The Many Faces of Go

Screenshot Many Faces of Go, newbie mode

“Play the obvious local response to last move” – which of these three will it be?

As recently mentioned, I imagined an alternative timeline starting around the end of October 2009, in which I devoted substantially more time and attention to mastering Go (igo / baduk / weiqi), the classical Asian board game. One important factor was the computer program “The Many Faces of Go”, a Windows program created by David Fotland at www.smart-games.com. The program doubles as either a tutor or an opponent, depending on your needs.

Daydreaming with dice is serious business, so naturally I have gone and bought the program so that I could verify for myself whether it would have the necessary impact on my alternate timeline. (That, and mostly I was curious, having read good things about it, except the price.) My estimate is that yes, it is a good alternative for people who don’t have access to a Go club or other human players. It set me back $90, which is insignificant here in Norway but may be a problem in less developed countries.

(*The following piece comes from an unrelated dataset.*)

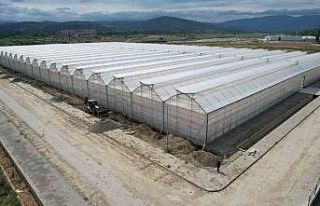 Yüksek teknolojiyle topraksız tarım, sıfır atık...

You can download the game for free, but in that case it simply plays as an opponent with strength of 18 kyu. If you shell out the $90, you get a bunch of other features, and variable opponent strength from newbie up to early dan levels.

In addition to being one of the strongest artificial intelligence Go players, the game is a versatile tutor. If you know nothing about Go, it will even teach you the basic rules. (But if you know nothing about Go, I am not sure if I would recommend you pay $90 up front…)

The program has a database of thousands of commented games, both by professionals and amateurs, so there is a good chance that you will find something interesting there. You can step through these and read the comments. However, the Internet is overflowing with such commented games which you can read with a free kifu reader (kifu = game record in Go). In fact, many amateur games in this database is from the Go Teaching Ladder, which I am pretty sure I have praised before. It is nice that this is included in The Many Faces of Go, but this is not where the program justifies its price.

There are also databases of fuseki (opening patterns) and joseki (corner patterns), which more advanced Go players may want to study. These are also things that you can scrounge together for free with a little work, but integrated into the same package.

Where The Many Faces of Go really shines, in my opinion, is as an interactive tutor. You estimate your strength (starting at 30 kyu for a brand newbie) and the game gives you the suitable number of handicap stones and adjusts its playing strength. Then, as you play against the program, you can ask it to explain its moves, why it does what it does. You can either ask about individual moves, or turn on the function so that it explains each move as the program makes it. The explanations are very general, but give a good idea of things to think of. If you keep this commentary running, you just might get into the habit of thinking that way yourself. It also marks other spots of interest on the board that it considered but did not play, so you can learn from that as well, although it does not explain why it did not pick any of them.

Perhaps even better, you can at any time ask MFoG to give you a hint. It will then list three alternative moves in order, with the reasons for making each of them. It is then up to you to choose which of them to play, or perhaps none of them. Again, it marks other spots of interest on the board as well, if you want to branch out further.

Of course, if all you do is ask for the next move and click there, you are not quite playing Go. It may not be a bad idea for a beginner, though! In the anime Hikaru no Go, which is written in close collaboration with an expert, the main character learns Go by being the hands of an expert player. (In the anime the expert player happens to be a ghost, so having someone place the stones for him is pretty important, and Hikaru is the only person who can see him.) Sai, the 1000 year old Go player, reads out the coordinates of each stone Hikaru should place on the board, but he also adds a word that describes the type of move it is. Japanese have many such words that describe the function of a move. It is not quite as detailed as the explanations in MFoG, but it teaches the young boy some aspects of the game. In one memorable scene, Sai tells him: “Don’t just place the stones, try to feel the flow of them.” This is good advice for anyone using Many Faces of Go as well.

In the anime, Hikaru became so good that he eventually did not need the ghost anymore. Hopefully the same will happen with the “ghost in the machine” here. But with someone as anti-talented at Go as me, that could easily take many years. I am not sure I will spend years of my real life (such as it is) playing Go. But for those who have that intention, this might be a good way to get started.